▶ **DATA TO EXAMINE**:

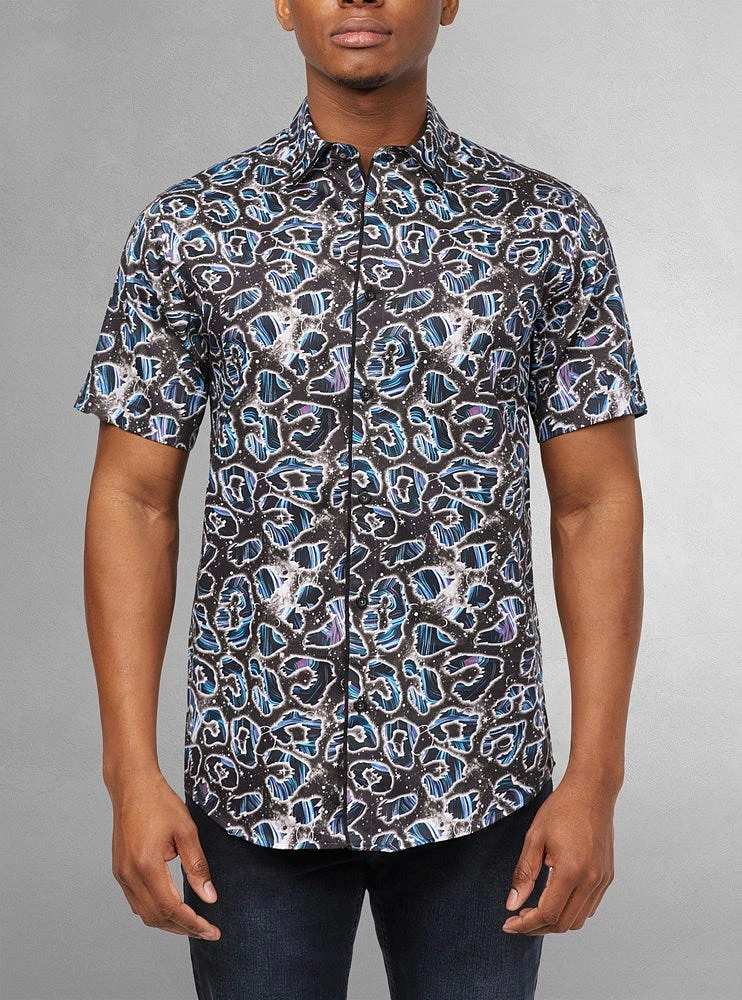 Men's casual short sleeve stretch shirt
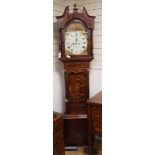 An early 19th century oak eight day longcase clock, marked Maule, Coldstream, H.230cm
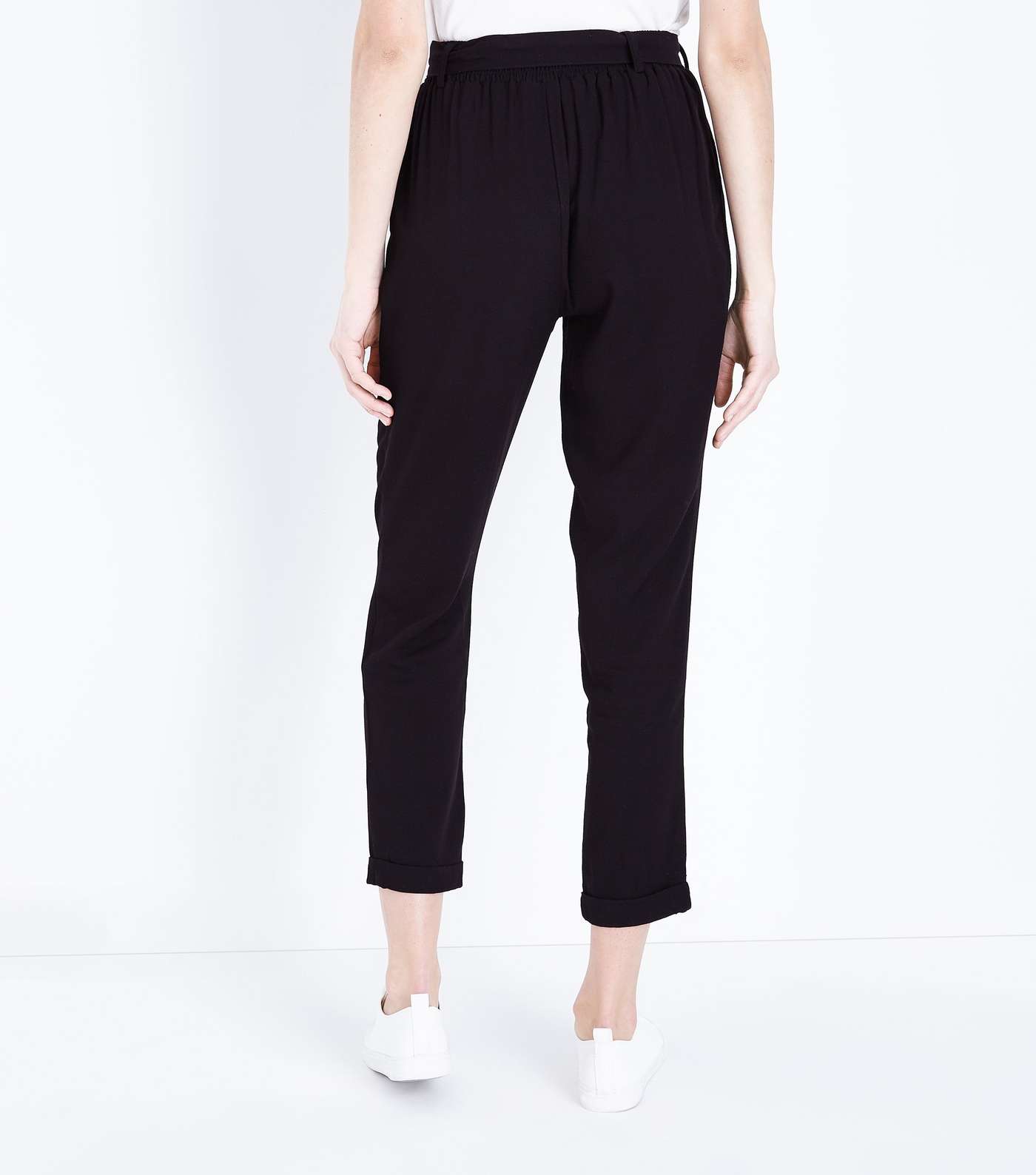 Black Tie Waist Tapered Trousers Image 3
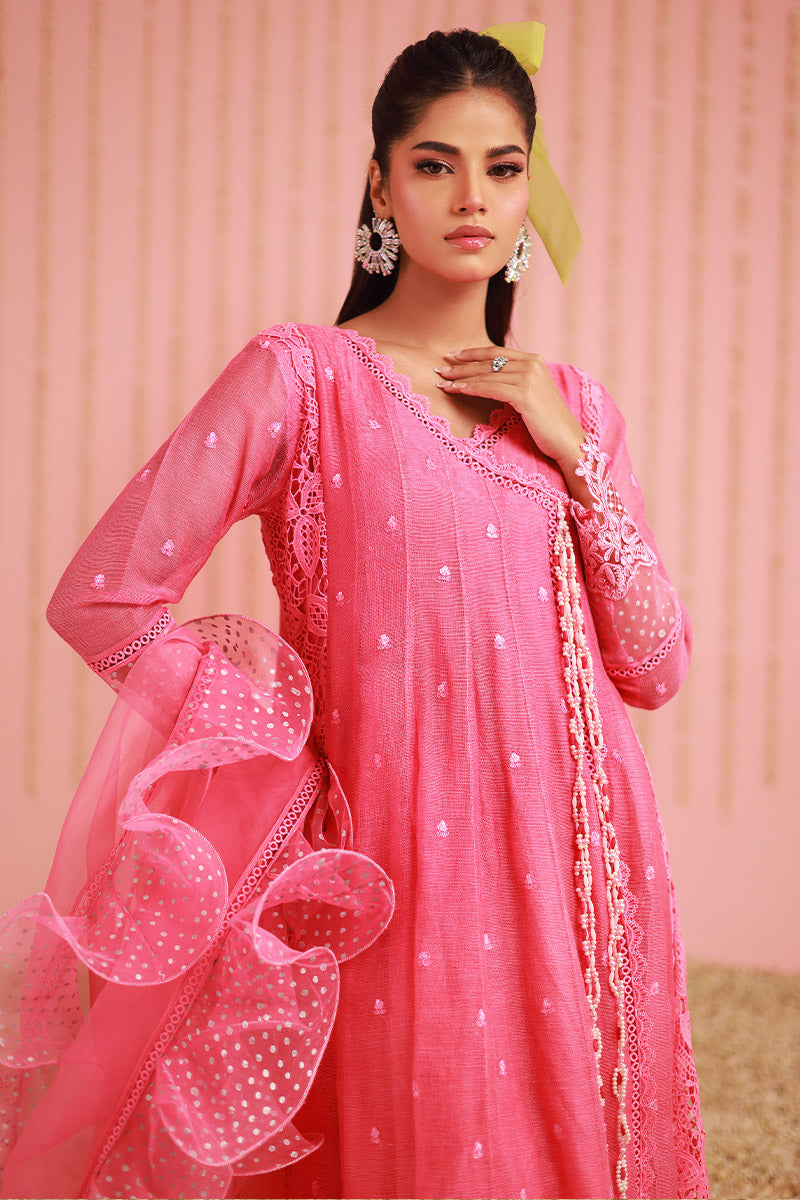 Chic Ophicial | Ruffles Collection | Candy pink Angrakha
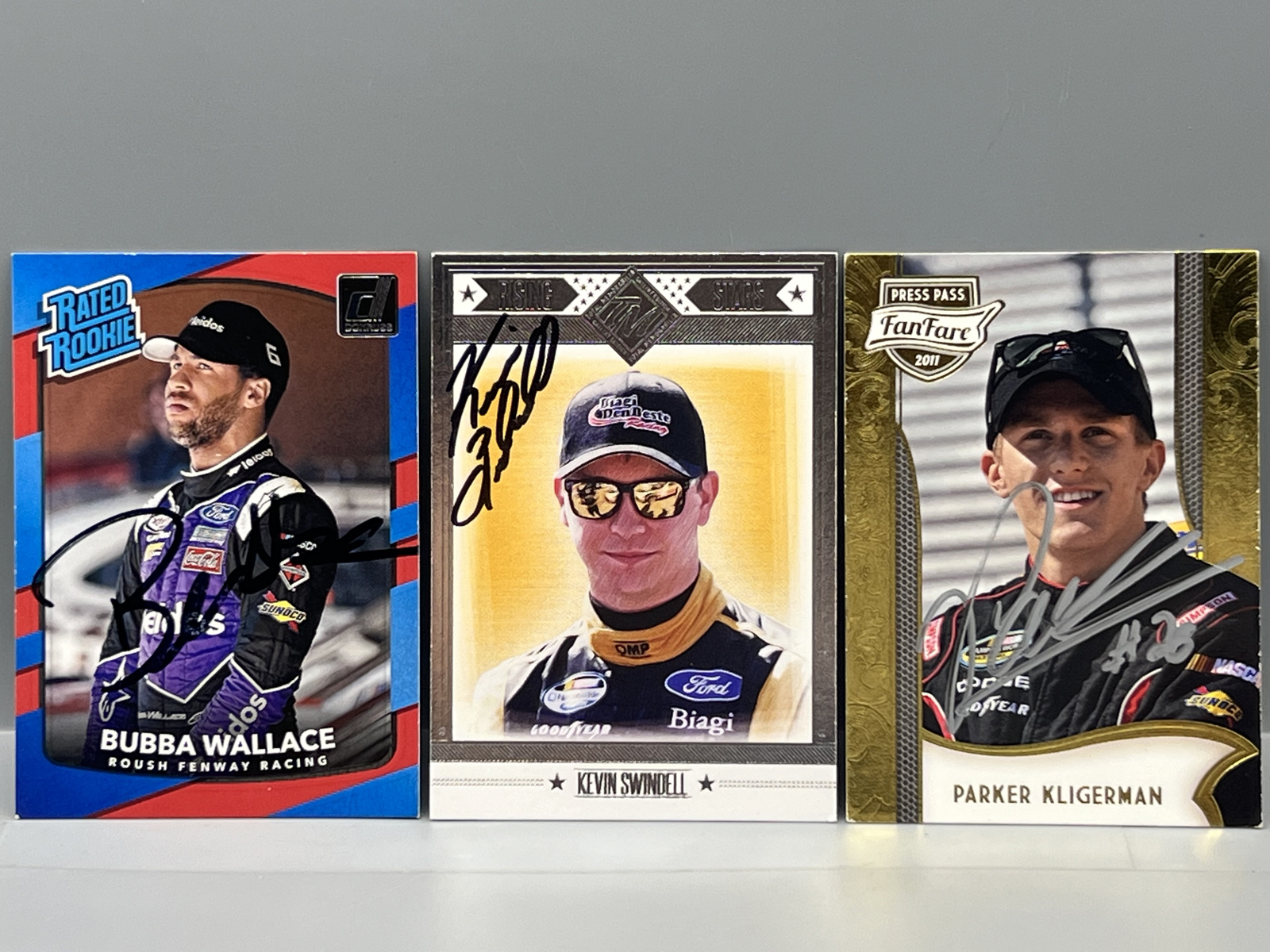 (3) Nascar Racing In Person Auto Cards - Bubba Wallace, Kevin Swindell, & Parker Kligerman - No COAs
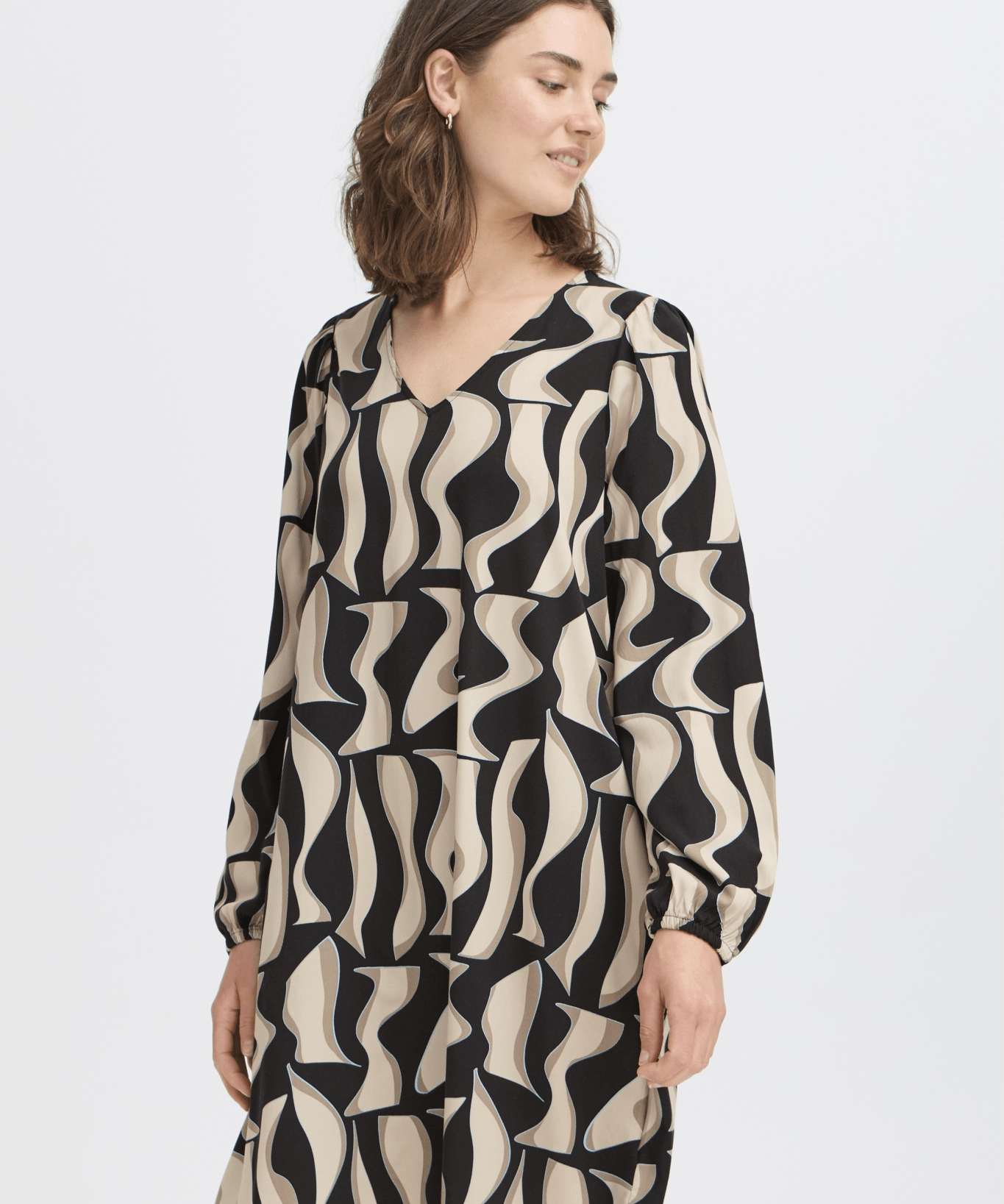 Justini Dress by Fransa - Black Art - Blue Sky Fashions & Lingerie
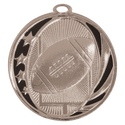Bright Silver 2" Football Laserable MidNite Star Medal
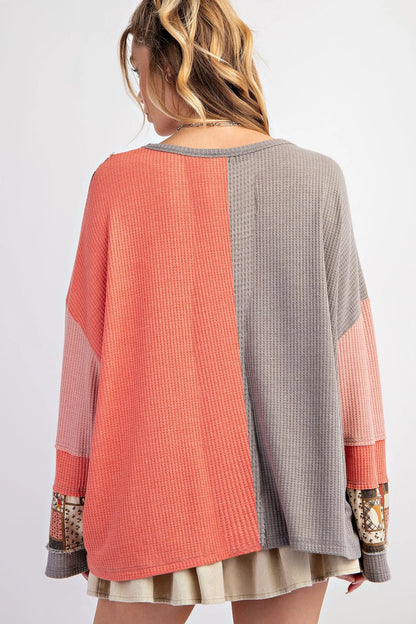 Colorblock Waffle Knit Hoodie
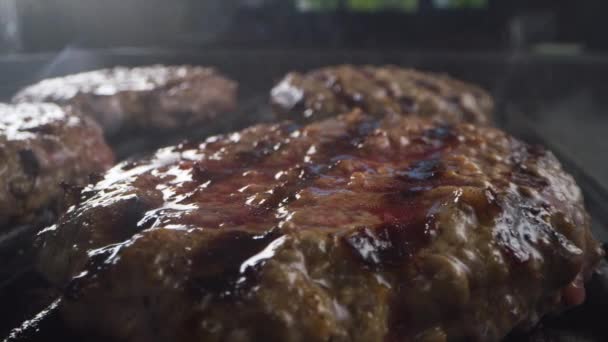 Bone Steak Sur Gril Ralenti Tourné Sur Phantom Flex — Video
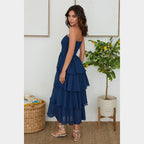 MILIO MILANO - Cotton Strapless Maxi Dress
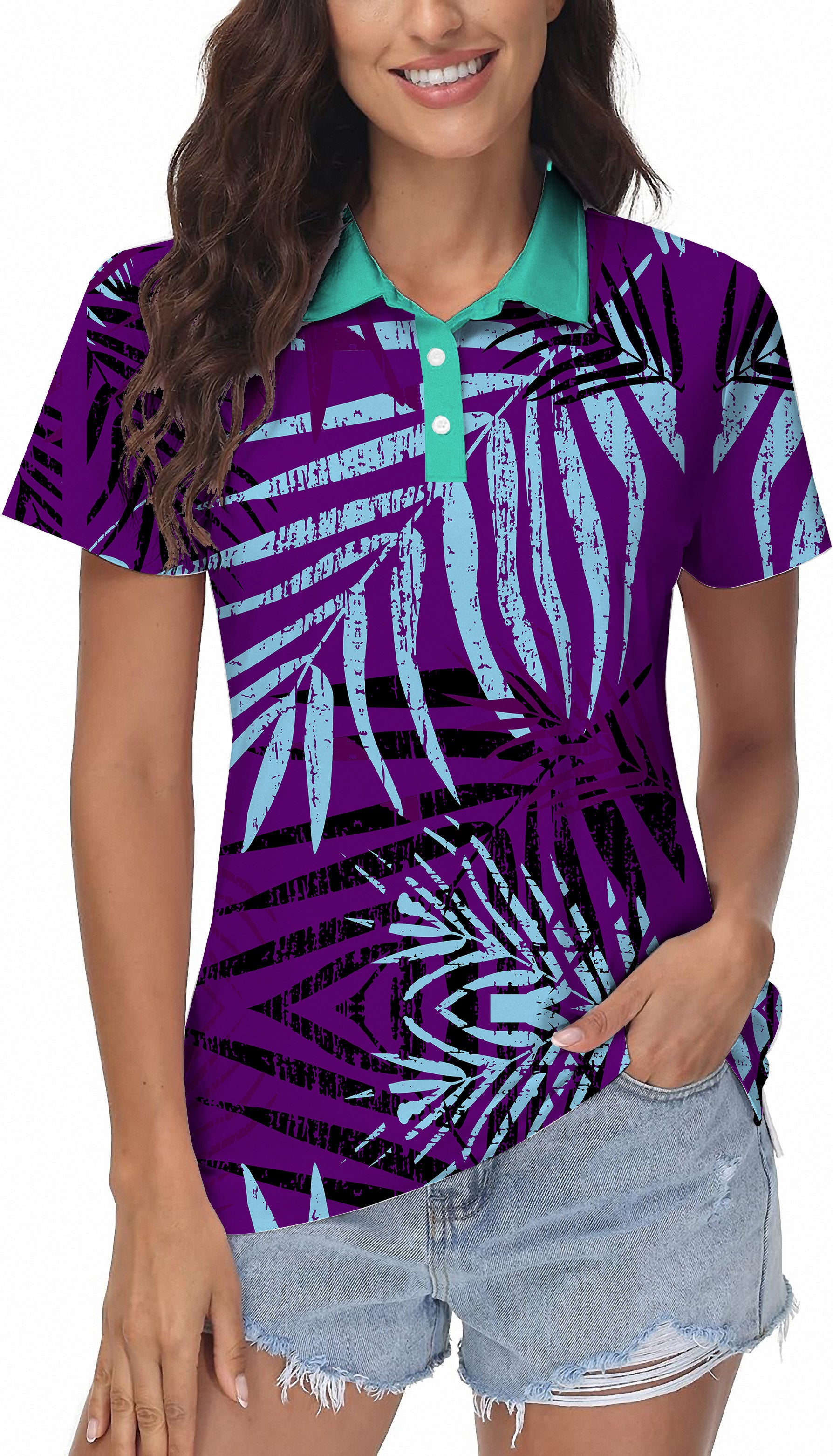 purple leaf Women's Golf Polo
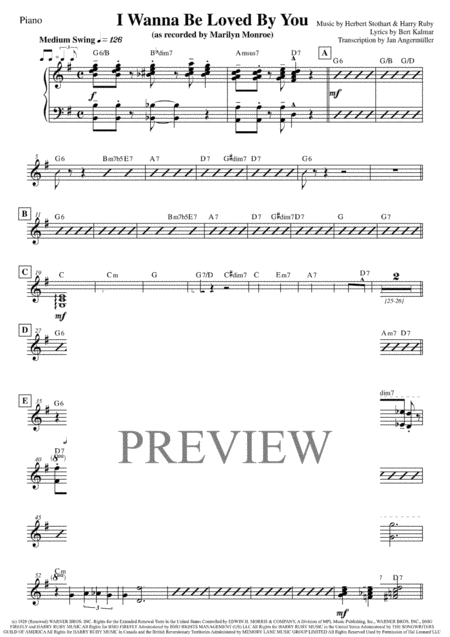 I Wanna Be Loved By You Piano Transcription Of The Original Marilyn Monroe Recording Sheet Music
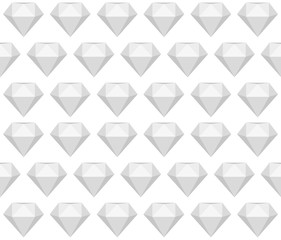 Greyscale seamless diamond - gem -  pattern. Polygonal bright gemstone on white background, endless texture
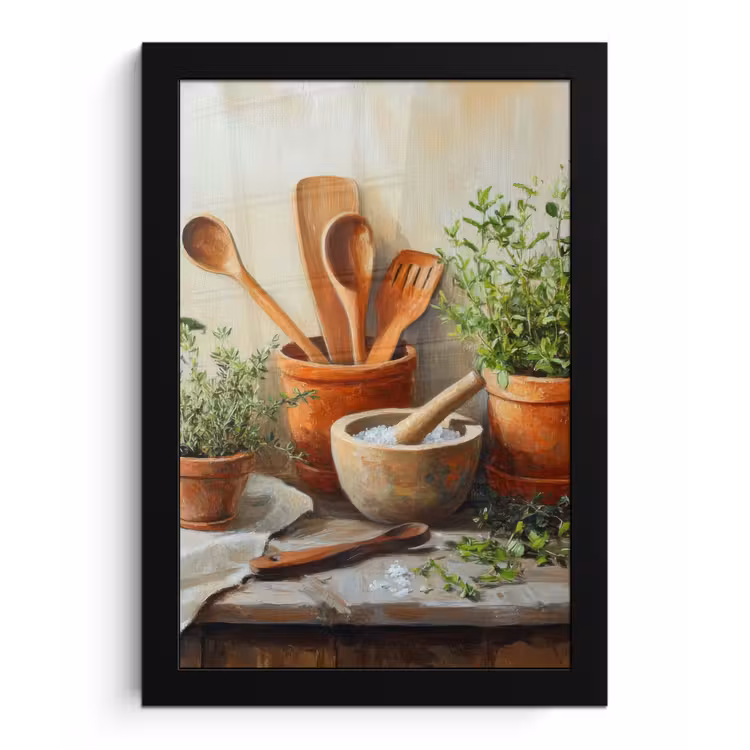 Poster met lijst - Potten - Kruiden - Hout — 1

▶ **PROBLEM DESCRIPTION**: Line by line and exactly, reproduce the span from the line with "Bone Steak Sur" through the end of the data above, both ends included, with pictures left out.

▶ **ANSWER TO THE EXERCISE**:
 Bone Steak Sur Gril Ralenti Tourné Sur Phantom Flex — Video
 MILIO MILANO - Cotton Strapless Maxi Dress
 purple leaf Women's Golf Polo
 I Wanna Be Loved By You Piano Transcription Of The Original Marilyn Monroe Recording Sheet Music
 Greyscale seamless diamond - gem -  pattern. Polygonal bright gemstone on white background, endless texture
 Poster met lijst - Potten - Kruiden - Hout — 1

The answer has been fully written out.